Thursday 22 March 2012

The consequences of ever vanishing corporation tax revenues

In his Budget statement, Osborne gave corporate Britain another cash giveaway: taking corporation tax down from 26% to 24% from next month, and committing in his statement to reduce it further to 22%, with the aspiration of reducing corporation tax to 20%.
"So that by 2014, Britain will have a 22% rate of corporation tax ... And a rate that puts our country within sight of a 20% rate of business tax that would align basic rate income tax, the small companies rate and the corporation tax rate."
This largesse to big business will cost the Exchequer an extra £3.76bn in the period covered by the spending review. This is on top of the £25bn in tax breaks for business announced in 2010 which included Osborne's commitment to cut corporation tax from 28% to 24% over four years.

Now Osborne will cut taxes for big business from 28% to 22% over the same period. It is not as if the previous government had been loading the tax burden on business either. Under the New Labour government, corporation tax fell from 33% to 28% - costing the Exchequer £50bn in foregone revenues over 13 years (as LEAP previously estimated).

So how does Osborne's new coporation tax rate compare with other countries? He was kind enough to tell us in the Budget:
"A headline rate that is not just lower than our competitors, but dramatically lower.
18% lower than the US.
16% lower than Japan.
12% below France and 8% below Germany.
An advertisement for investment and jobs in Britain."

So more like ... Ireland? (well, yes as the table above shows, via OECD in 2011) And by coincidence that is a country that Osborne deeply admires. It was Osborne who said in 2006, "Ireland stands as a shining example of the art of the possible in long-term economic policymaking".

Ireland has been through an even more adverse austerity shock doctrine than Britain, and today slipped back into recession. Slashing corporation tax - Osborne's Irish solution - simply undercuts the tax base and hinders recovery.

But it does something else - it redistributes wealth. Lower corporation tax means larger net profits, so instead these larger profits go to large shareholders in dividends and directors in bonuses.

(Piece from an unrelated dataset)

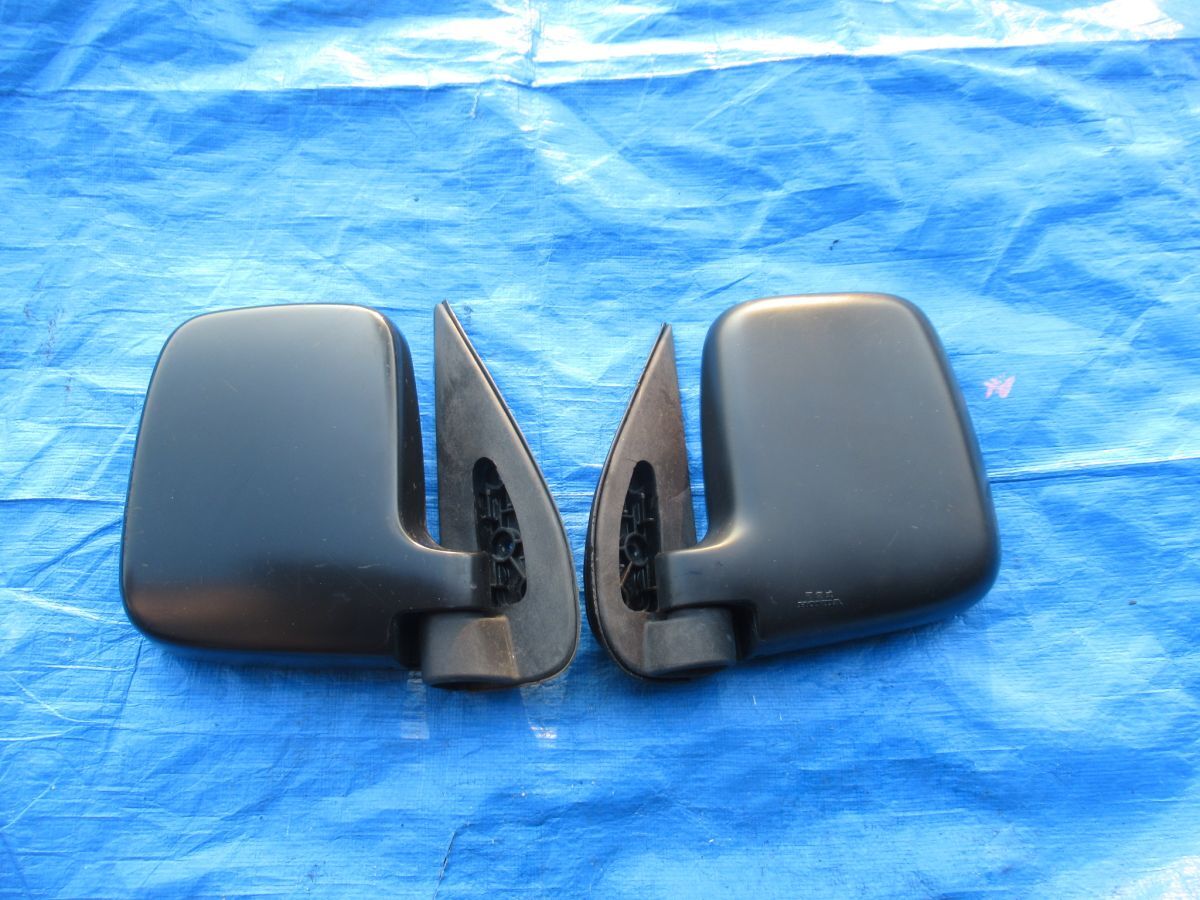 11.4-3 バモス ホビオ HM1 HM2 ドアミラー 左右 サイドミラー HM3 HM4 HJ1 HJ2 アクティ HH5 HH6 HA6 HA7拍卖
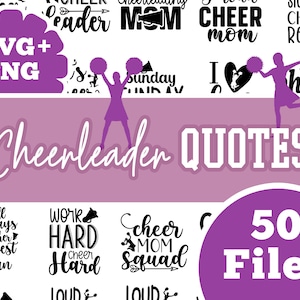 50 plików cytatów sportowych cheerleaderek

And instead of corporation tax, other taxes have to make up the void and/or public spending is cut. On the latter that has - as the IFS has shown (slide 4 here) - disproportionately hit the poorest: cutting benefits and tax credits.

The other part of this equation is the effect on the tax base (details can be found in OBR data published yesterday).

My analysis of this data shows that the OBR forecast the following increases between 2010/11-2016/17 in tax receipts from each of the four 'big ticket' taxes:

Income Tax
up 33.9%
National Insurance
up 36.1%
VAT
up 40.7%
Corporation Tax
up 14.9%

So while taxes from earnings rise sharply (and the regressive NI more sharply) and rise steeply for consumption (regressive VAT), taxation on profits falls as a proportion of the tax base, and relative to other taxation.

So whereas in 2010/11 corporation tax accounted for 8.13% of total tax take, by 2016/17 that figure will have fallen to just 7.02%. By contrast VAT will have risen from 16.32% in 2010/11 to 17.25% in 2016/17.